Ela impõe ao guardião o dever de prestar assistência material, moral e educacional ao menor, conferindo-lhe o direito de se opor a terceiros, inclusive aos pais biológicos. A guarda pode ser deferida incidentalmente nos processos de tutela ou adoção, ou excepcionalmente para atender situações peculiares.
O art. 33, § 3º, do ECA estabelece que a guarda confere à criança ou adolescente a condição de dependente para todos os fins, inclusive previdenciários. Esse dispositivo foi decisivo no julgamento do REsp 1.411.258/RS, pois garantiu ao menor sob guarda o direito à pensão por morte, mesmo quando a lei previdenciária silenciava a respeito.
Tutela
A tutela é outra forma de colocação em família substituta, prevista no Código Civil (arts. 1.728 a 1.766) e no ECA. Ela ocorre quando os pais da criança ou adolescente faleceram, foram declarados ausentes ou perderam o poder familiar (antigo pátrio poder).

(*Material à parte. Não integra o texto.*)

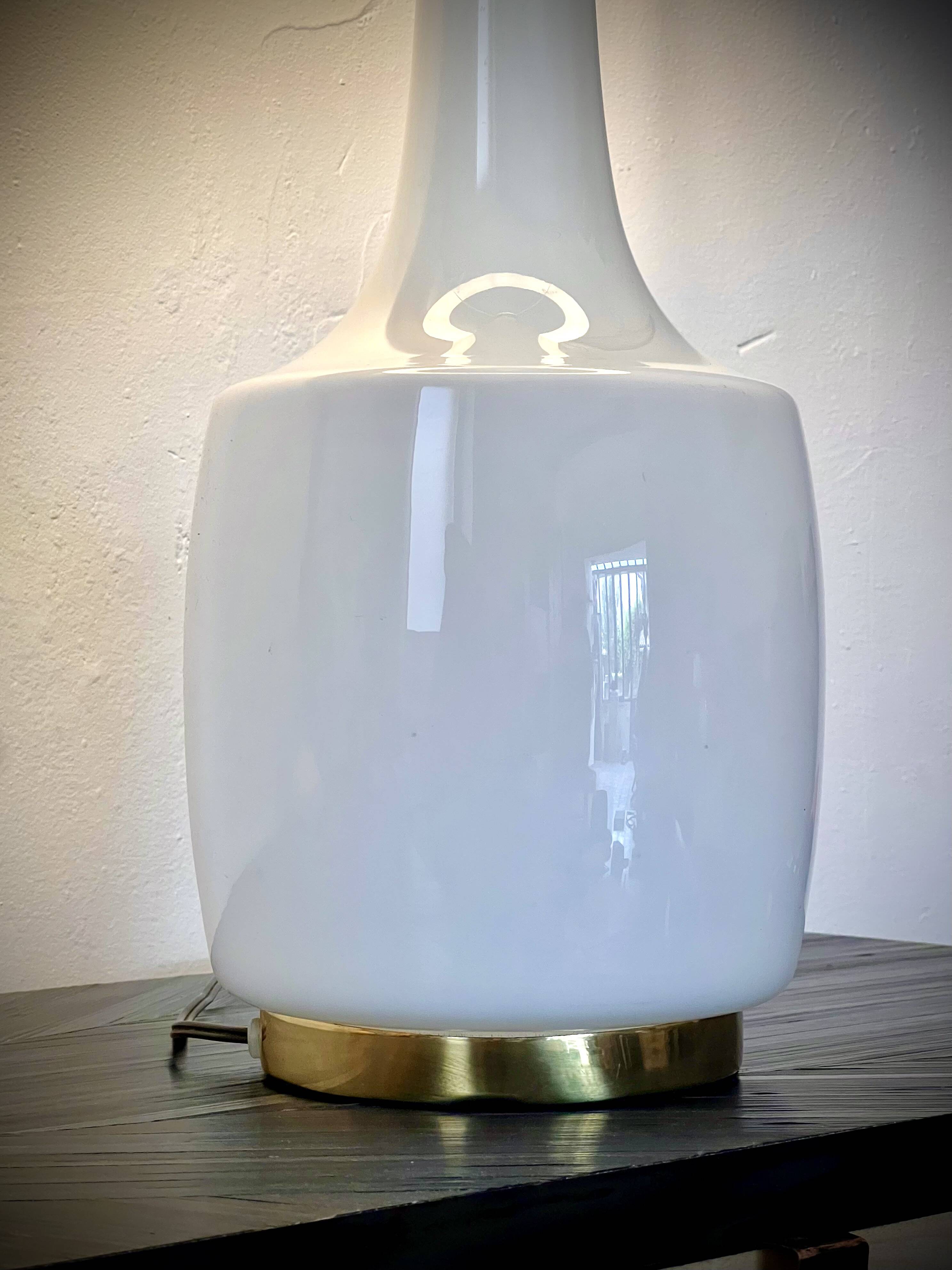 Large Scandinavian opaline and brass lamp designed by Holm Sørensen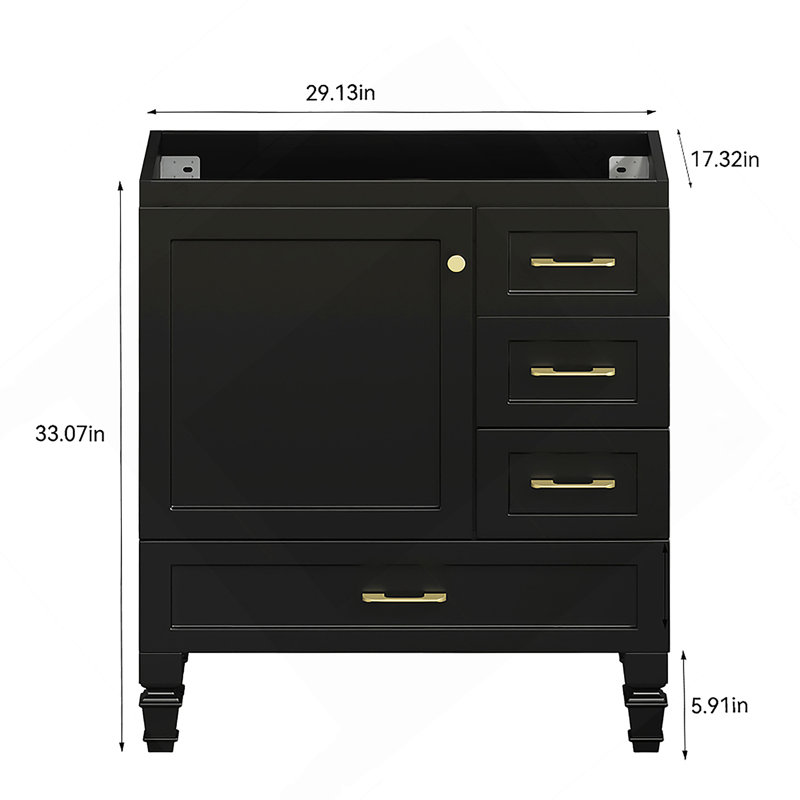 Meuble-lavabo de salle de bain avec 1 porte à fermeture douce et 3 tiroirs, Noir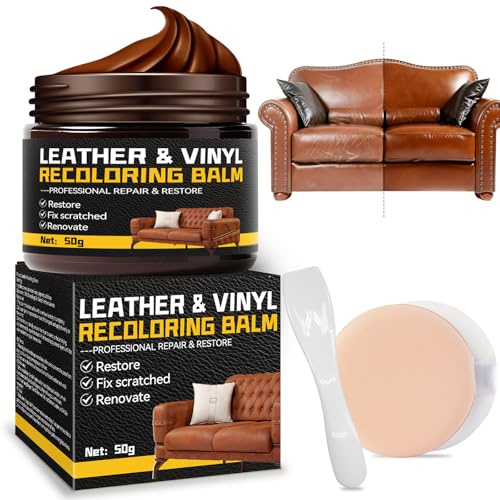 Balsamo Ricolorante per Pelle, Kit di Riparazione per Pelle, 50 g, Ripristino del Colore della Pelle per Divani in Pelle Sbiadita e Graffiata, Seggiolini Auto, Abbigliamento, Accessori (Marrone Scuro)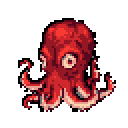 This vibrant pixel art features a dynamic red octopus with splayed tentacles and an alert expression. The creature's rich colors and implied movement create an energetic, yet isolated, feel.
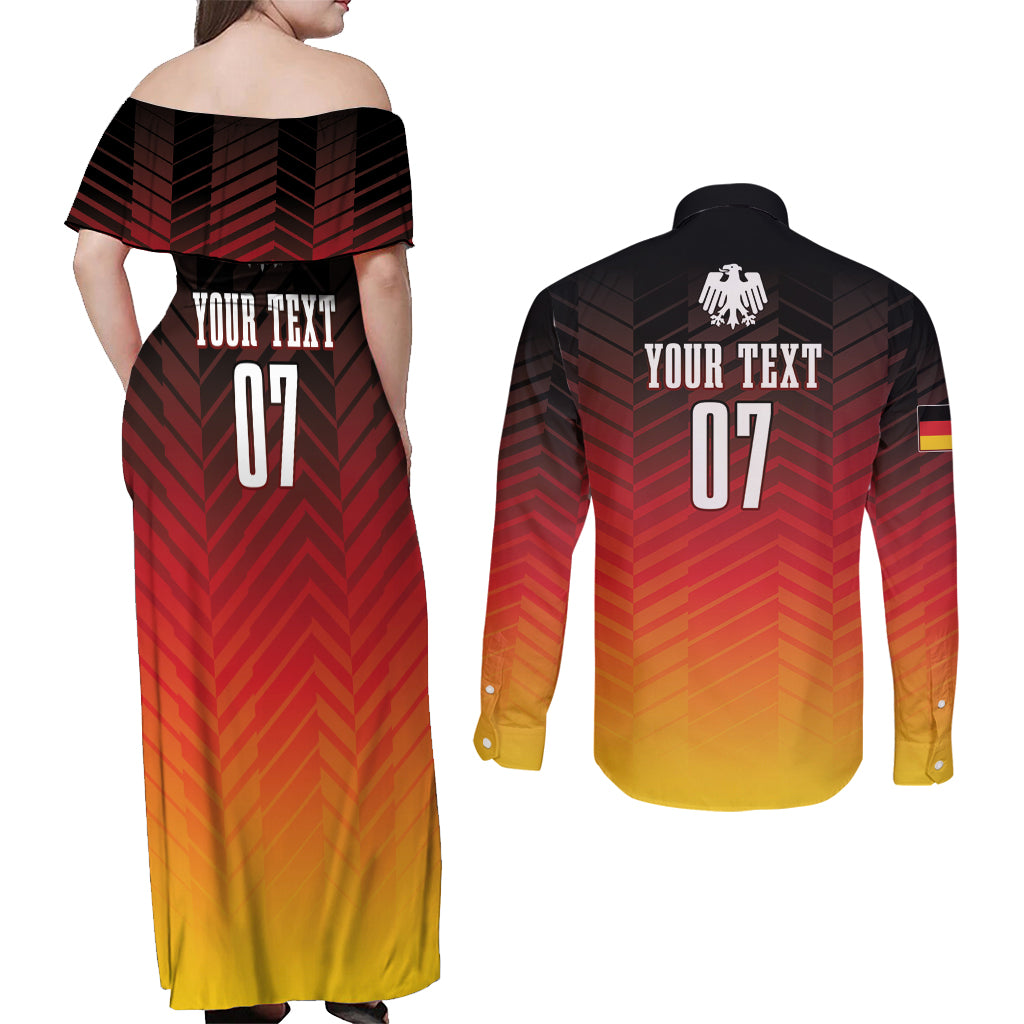 Germany Football Couples Matching Off Shoulder Maxi Dress and Long Sleeve Button Shirt Nationalelf Dynamic LT7 - Wonder Print Shop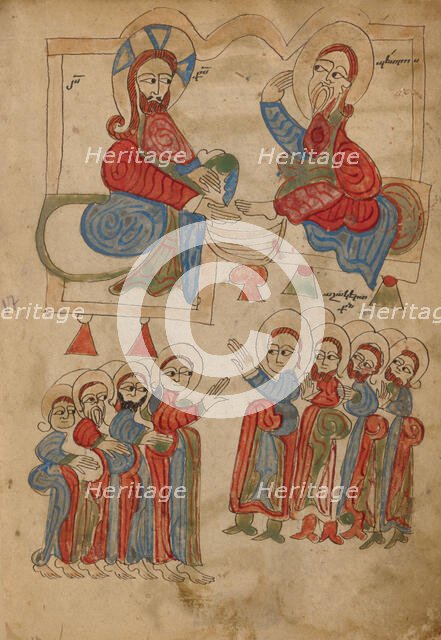 Christ Washing the Apostles' Feet; Gospel Book, 1386. Creator: Unknown.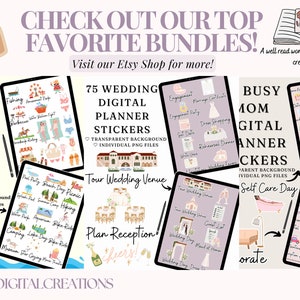 May include: A collage of digital planner stickers for various themes. The stickers are on a light purple background and feature illustrations of summer activities, wedding planning, self-care, and busy mom life. The text on the stickers includes '52 Fun Summer Digital Planner Stickers', '75 Wedding Digital Planner Stickers', 'Busy Mom Digital Planner Stickers', 'Tour Wedding Venue', 'Plan Reception', and 'Self Care Day'.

O tutor é nomeado pelo juiz e tem a responsabilidade de cuidar da pessoa e de administrar os bens do tutelado, prestando contas anualmente. Ao contrário da guarda, a tutela exige a decretação da perda ou suspensão do poder familiar. O menor tutelado sempre foi considerado dependente previdenciário, tanto na redação original do art. 16, § 2º, da Lei 8.213/91 quanto na alterada pela Lei 9.528/97.
A distinção entre guarda e tutela foi crucial no julgamento, pois o INSS argumentava que, como a lei excluiu a guarda, mas manteve a tutela, isso foi uma opção legislativa deliberada. O STJ, porém, entendeu que a exclusão da guarda representava um retrocesso inconstitucional.
Adoção
A adoção é o ato jurídico pelo qual uma criança ou adolescente é recebido como filho, desligando-se completamente de sua família biológica e estabelecendo vínculo de filiação com os adotantes.
No Brasil, a adoção é regulada pelo ECA (arts. 39 a 52) e é irrevogável. O adotado passa a ter os mesmos direitos e deveres de um filho biológico, inclusive sucessórios e previdenciários. Diferente da guarda e da tutela, a adoção é definitiva e não provisória.
]Para fins de pensão por morte, o filho adotado sempre foi considerado dependente de primeira classe, equiparado ao filho biológico. O julgamento do REsp 1.411.258/RS não discutiu a adoção, mas sim a situação do menor sob guarda, que é uma proteção menos intensa do que a adoção, mas ainda assim geradora de dependência econômica e afetiva.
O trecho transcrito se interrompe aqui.